To do:
Every record needs to be repeated exactly; its pictures do not.

Image-text web data:
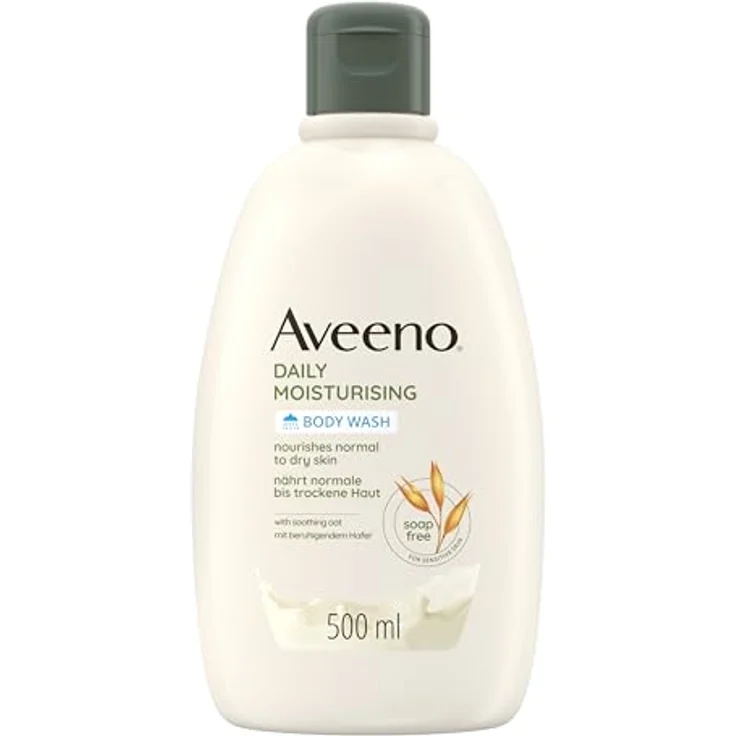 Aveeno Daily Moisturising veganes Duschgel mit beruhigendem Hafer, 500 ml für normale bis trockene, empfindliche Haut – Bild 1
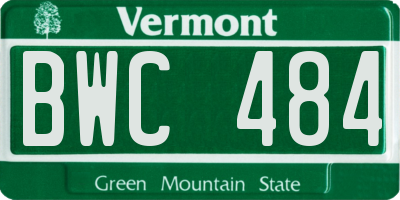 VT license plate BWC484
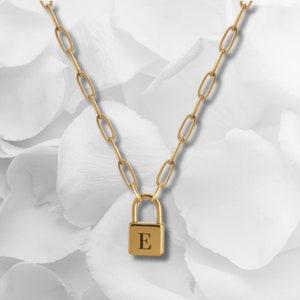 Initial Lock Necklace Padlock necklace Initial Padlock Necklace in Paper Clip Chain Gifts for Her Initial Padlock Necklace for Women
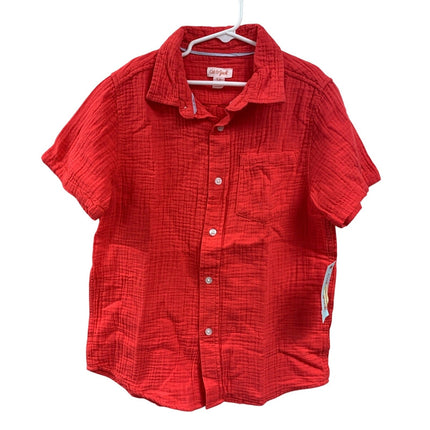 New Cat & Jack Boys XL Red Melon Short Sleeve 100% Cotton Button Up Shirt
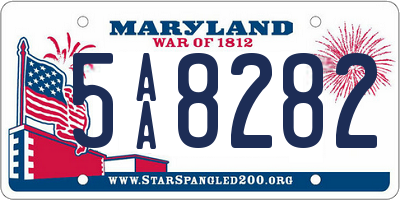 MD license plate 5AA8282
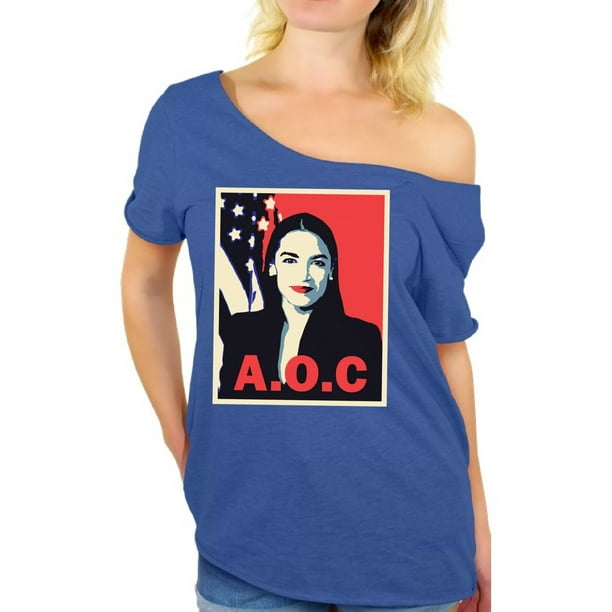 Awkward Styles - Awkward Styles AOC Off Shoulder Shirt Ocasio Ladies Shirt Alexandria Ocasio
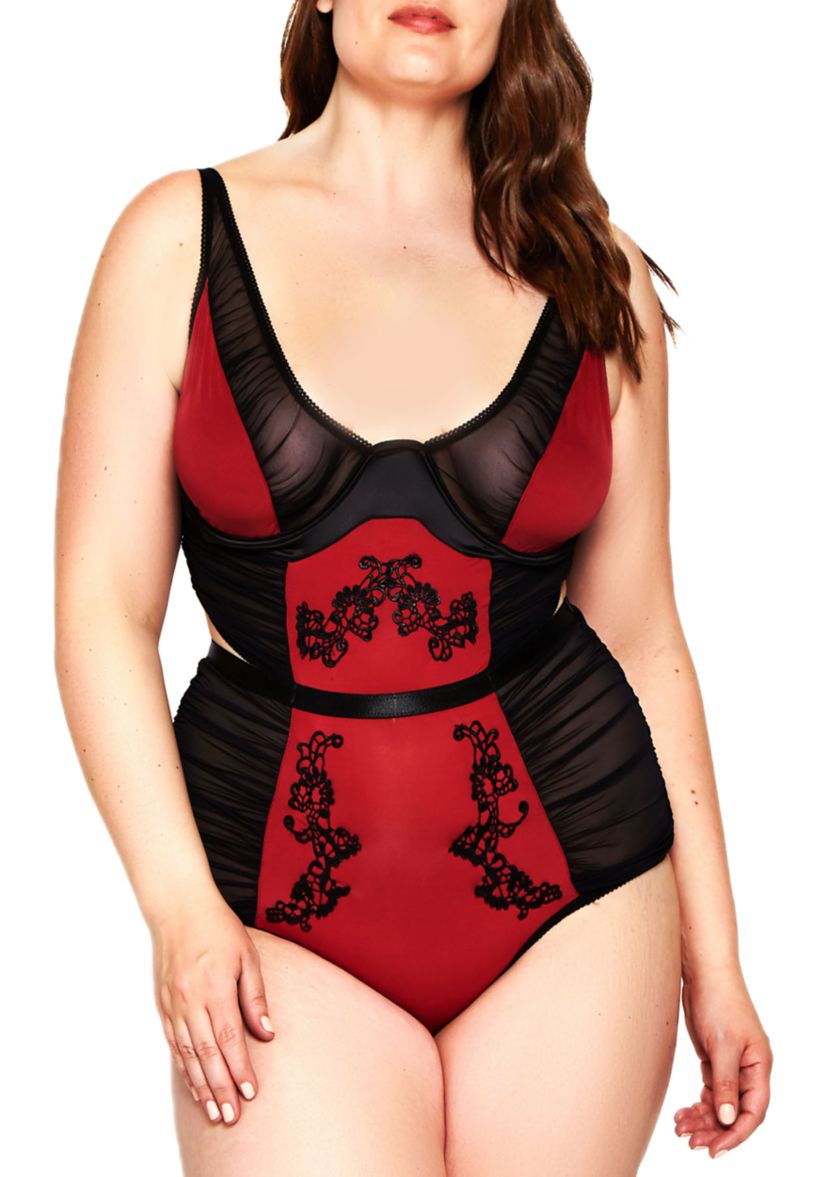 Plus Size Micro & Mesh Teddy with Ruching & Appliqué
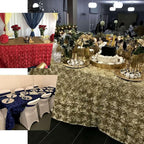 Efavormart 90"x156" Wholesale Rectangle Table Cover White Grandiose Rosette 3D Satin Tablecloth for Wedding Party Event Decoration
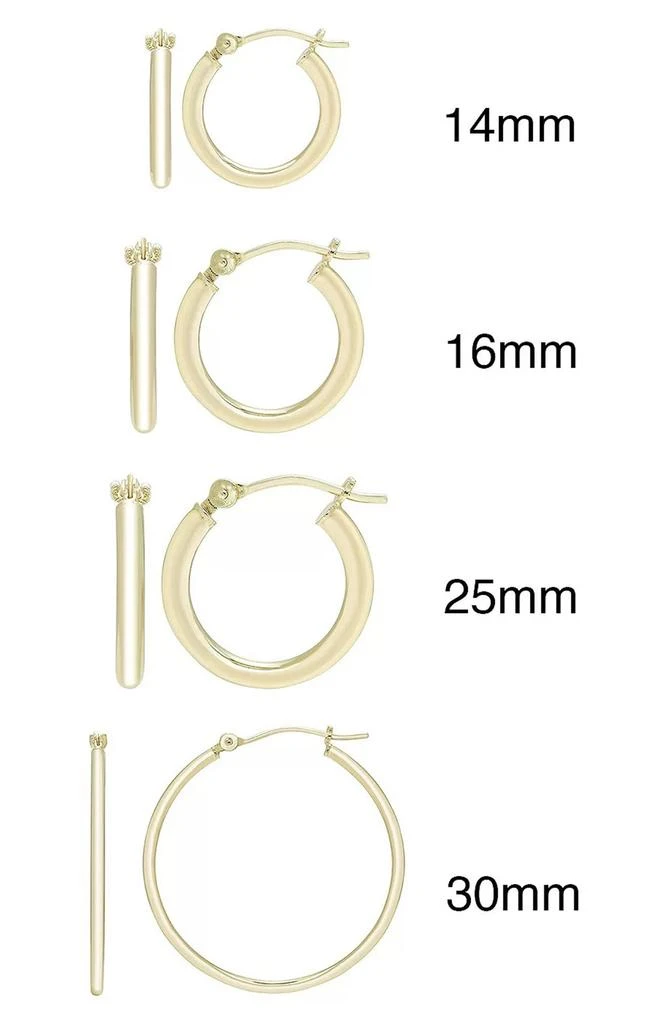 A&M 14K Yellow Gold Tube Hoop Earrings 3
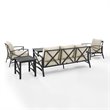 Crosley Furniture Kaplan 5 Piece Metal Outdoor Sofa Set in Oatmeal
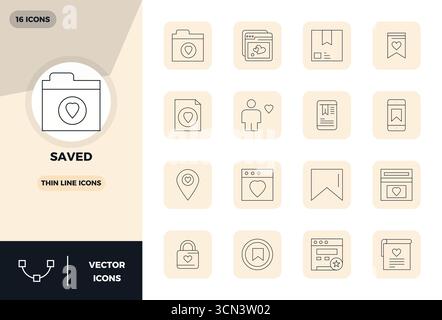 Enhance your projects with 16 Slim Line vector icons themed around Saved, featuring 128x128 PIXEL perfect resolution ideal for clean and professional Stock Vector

Your response:
 Aveeno Daily Moisturising veganes Duschgel mit beruhigendem Hafer, 500 ml für normale bis trockene, empfindliche Haut – Bild 1
 VT license plate BWC484
 Initial Lock Necklace Padlock necklace Initial Padlock Necklace in Paper Clip Chain Gifts for Her Initial Padlock Necklace for Women
 New Cat & Jack Boys XL Red Melon Short Sleeve 100% Cotton Button Up Shirt
 MD license plate 5AA8282
 Awkward Styles - Awkward Styles AOC Off Shoulder Shirt Ocasio Ladies Shirt Alexandria Ocasio
 Plus Size Micro & Mesh Teddy with Ruching & Appliqué
 Efavormart 90"x156" Wholesale Rectangle Table Cover White Grandiose Rosette 3D Satin Tablecloth for Wedding Party Event Decoration
 A&M 14K Yellow Gold Tube Hoop Earrings 3
 Crosley Furniture Kaplan 5 Piece Metal Outdoor Sofa Set in Oatmeal
 Enhance your projects with 16 Slim Line vector icons themed around Saved, featuring 128x128 PIXEL perfect resolution ideal for clean and professional Stock Vector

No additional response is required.